SANTIAGO, Chile, Feb. 16, 2018 /PRNewswire/ -- ENEL CHILE S.A. ("Enel Chile") (NYSE: ENIC) today announced the commencement of its concurrent tender offers for shares of common stock and American Depositary Shares ("ADSs") of its subsidiary Enel Generación Chile S.A. ("Enel Generación"):
- A tender offer for (i) all outstanding shares of common stock of Enel Generación ("Enel Generación Shares") held by U.S. persons for Ch$590 per share in cash, payable in U.S. dollars and (ii) all outstanding ADSs of Enel Generación ("Enel Generación ADSs") held by holders of Enel Generación ADSs, wherever located, for Ch$17,700 per ADS in cash, payable in U.S. dollars, in each case upon the terms and subject to certain conditions described in the U.S. prospectus (including the U.S. Share/ADS Subscription Condition described below) and in the related U.S. tender offer acceptance documents (the "U.S. Offer"); and
- A voluntary public tender offer in Chile for all outstanding Enel Generación Shares, other than Enel Generación Shares currently owned by Enel Chile and its affiliates, at a price of Ch$590 per share in cash, payable in Chilean pesos, upon the terms and subject to certain conditions described in the Chilean prospectus (including the Chilean Share Subscription Condition described below) (the "Chilean Offer").
THE U.S. OFFER WILL EXPIRE AT 4:30 P.M., NEW YORK CITY TIME, ON MARCH 22, 2018, UNLESS EXTENDED. THE CHILEAN OFFER WILL EXPIRE AT 5:30 P.M., SANTIAGO TIME, ON MARCH 22, 2018.
The U.S. Offer is subject to the condition that tendering holders of Enel Generación Shares and/or Enel Generación ADSs shall have agreed to apply Ch$236 of the consideration for each Enel Generación Share tendered and Ch$7,080 of the consideration for each Enel Generación ADS tendered to subscribe for shares of common stock of Enel Chile ("Enel Chile Shares") at a subscription price of Ch$82 per Enel Chile Share (or Ch$4,100 per ADS of Enel Chile, each representing 50 Enel Chile Shares ("Enel Chile ADS")) (the "U.S. Share/ADS Subscription Condition"). Following completion of the U.S. Offer, (i) for each Enel Generación Share tendered in the U.S. Offer, an Enel Generación shareholder will receive Ch$354 in cash, payable in U.S. dollars, and 2.87807 Enel Chile Shares as a result of satisfaction of the U.S. Share/ADS Subscription Condition and (ii) for each Enel Generación ADS tendered in the U.S. Offer, an Enel Generación ADS holder will receive Ch$10,620 in cash, payable in U.S. dollars, and 1.72683 Enel Chile ADSs (subject to a ADS issuance fee) as a result of satisfaction of the U.S. Share/ADS Subscription Condition.

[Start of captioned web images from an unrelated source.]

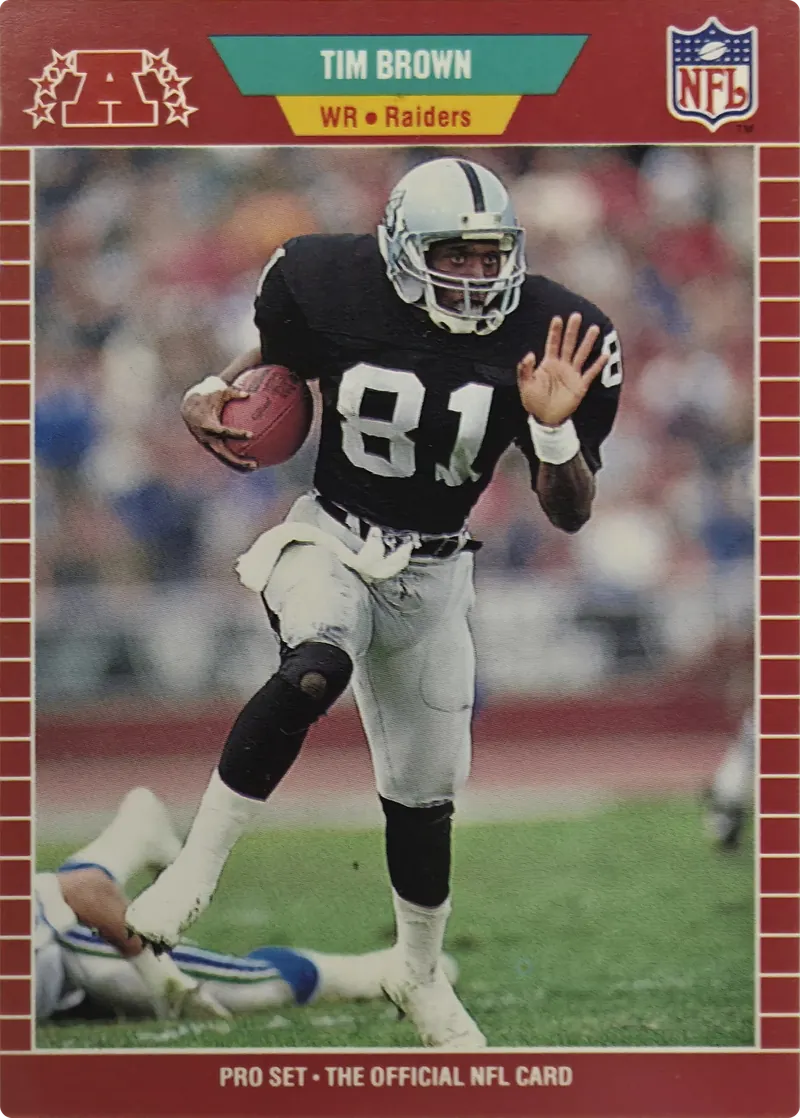 Tim Brown front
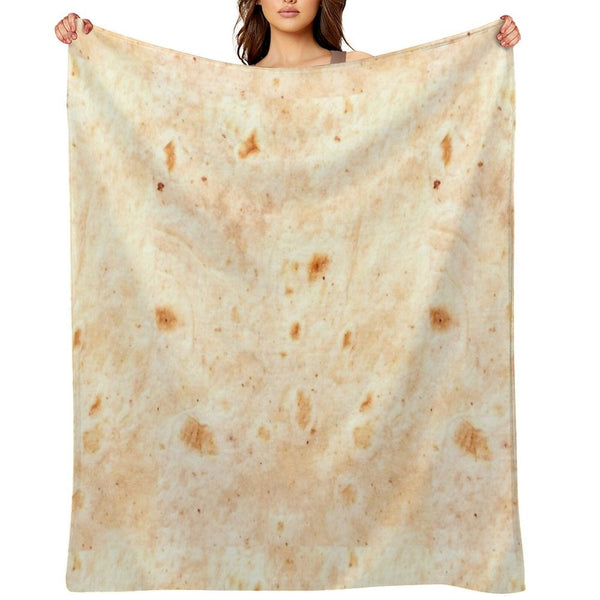 Tortilla Time! Premium Throw Blanket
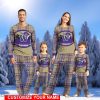 Washington Huskies Pajamas Personalized Name Christmas Pajamas Set Cute Gift For Family Gifts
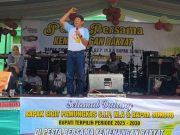 Paslon Sigit-Suroto Syukuran, Mantan Bupati Sragen Pesan: Jangan Mengulang Congkrah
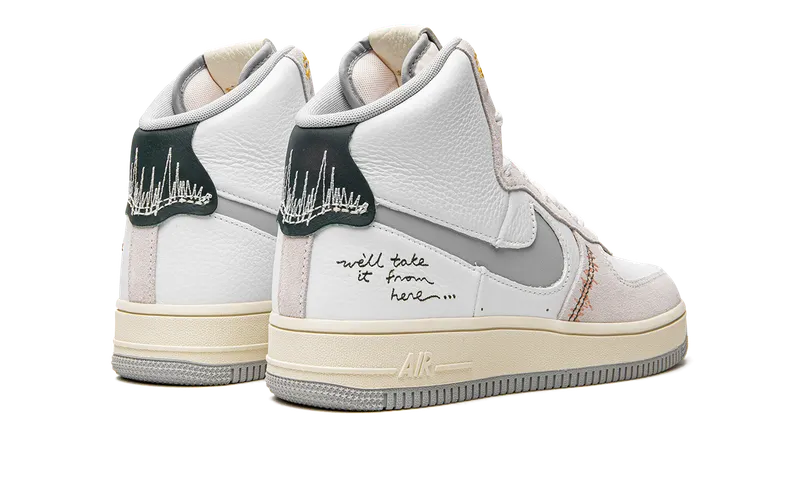 Nike AIR FORCE 1 HIGH SCULPT “We’ll Take It From Here” (DV2187-100)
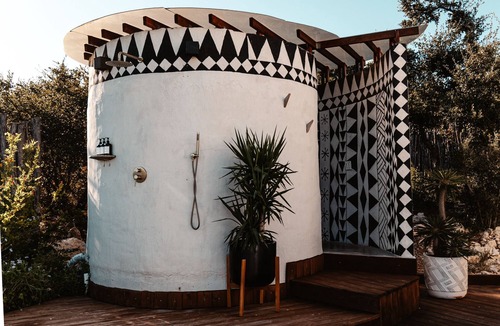 Fischer Cabin | Disco Dome “Africa” at The Disco Ranch
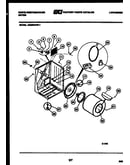 Cabinet and component parts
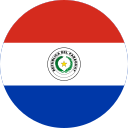 paraguay round flag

The Chilean Offer is subject to the condition that tendering holders of Enel Generación Shares shall have agreed to apply Ch$236 of the consideration for each Enel Generación Share tendered to subscribe for Enel Chile Shares at a subscription price of Ch$82 per Enel Chile Share (the "Chilean Share Subscription Condition"). As a result, following completion of the Chilean Offer, for each Enel Generación Share tendered, an Enel Generación shareholder will receive Ch$354 in cash and 2.87807 Enel Chile Shares as a result of satisfaction of the Chilean Share Subscription Condition.

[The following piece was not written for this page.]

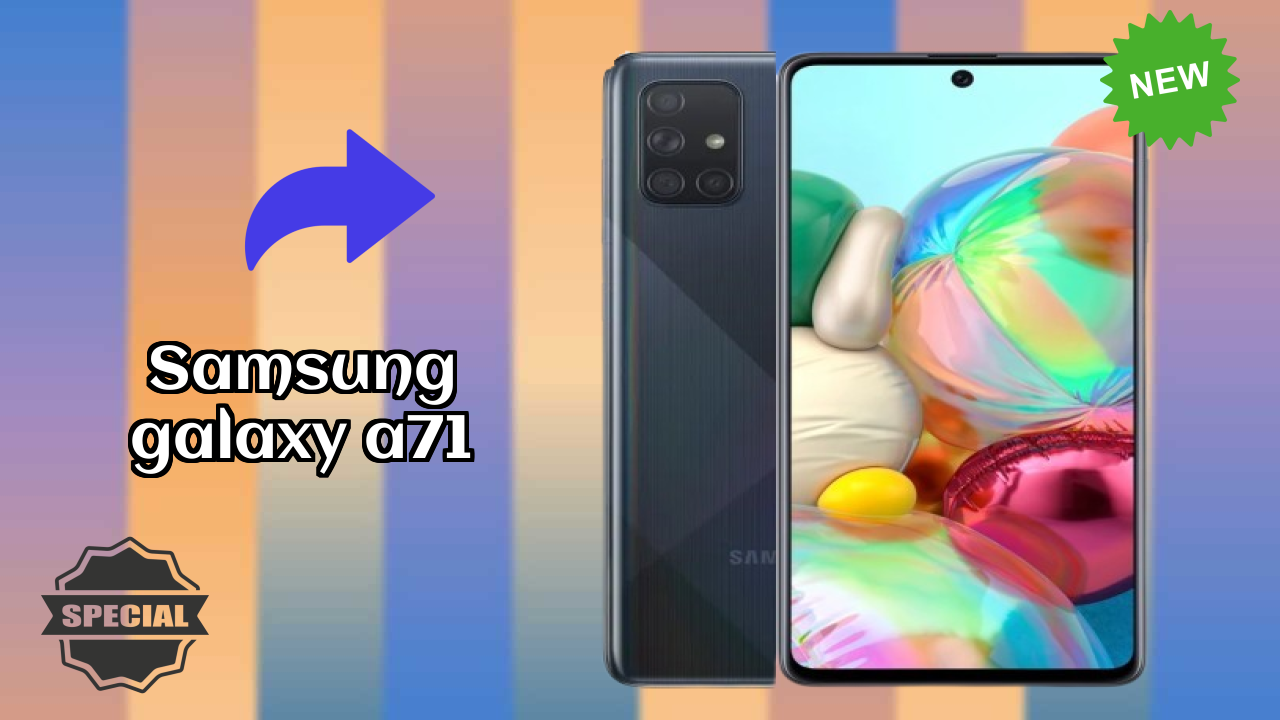Samsung Galaxy A71 RAM Performance: 8 GB RAM Multitasking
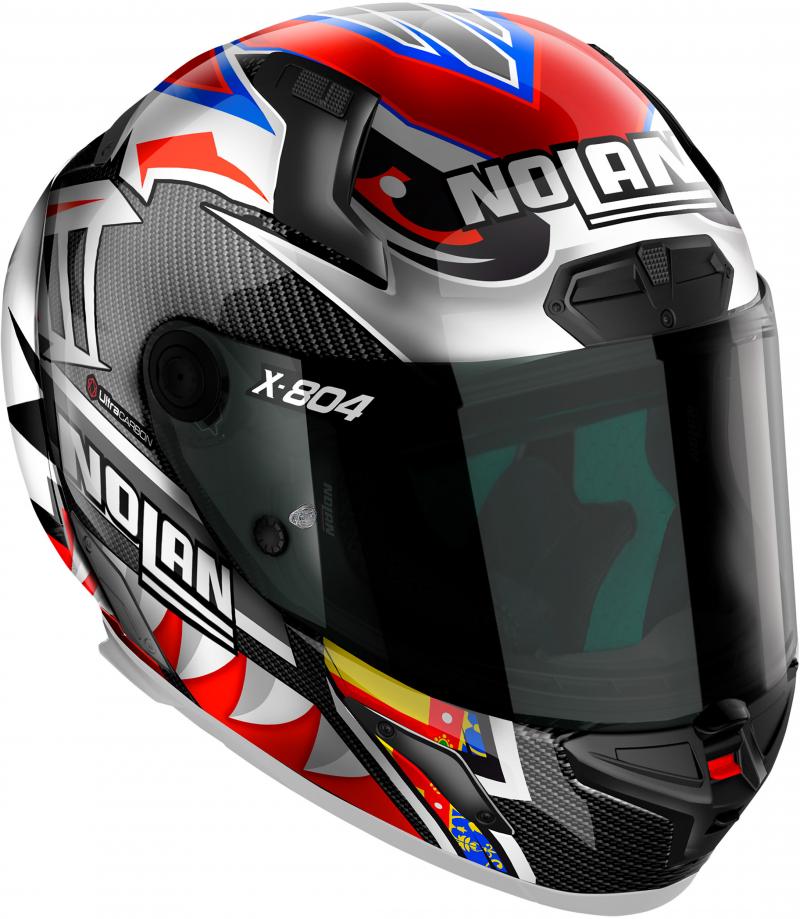 Casque Nolan X804rs Iker Lecuona replica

The U.S. Offer and the Chilean Offer (collectively, the "Offers") are part of the corporate reorganization of Enel Chile, consisting of the Offers, a capital increase by Enel Chile in connection with the Offers and the proposed merger of Enel Green Power Latin America S.A. ("EGPL") with Enel Chile. The Offers are subject to, among other conditions, the following conditions: (i) Enel Chile holds a more than 75% interest in Enel Generación following the consummation of the Offers; (ii) Enel Chile has available for issuance the necessary number of newly issued Enel Chile Shares following the expiration of the preemptive right offering in the capital increase related to the Offers, for the satisfaction of the Chilean Share Subscription Condition and the U.S. Share/ADS Subscription Condition; and (iii) Enel S.p.A. does not cease to be at any time the controlling shareholder of Enel Chile and maintains at all times ownership of more than 50.1% of the voting shares of Enel Chile.
The U.S. Offer is being made pursuant to a prospectus (the "U.S. prospectus") contained in a registration statement on Form F-4 filed with the U.S. Securities and Exchange Commission (the "SEC") and is open to all holders of Enel Generación ADSs and holders of Enel Generación Shares who are U.S. persons. Non-U.S. persons will not be permitted to tender their Enel Generación Shares in the U.S. Offers. Enel Generación ADSs may only be tendered in the U.S. Offer.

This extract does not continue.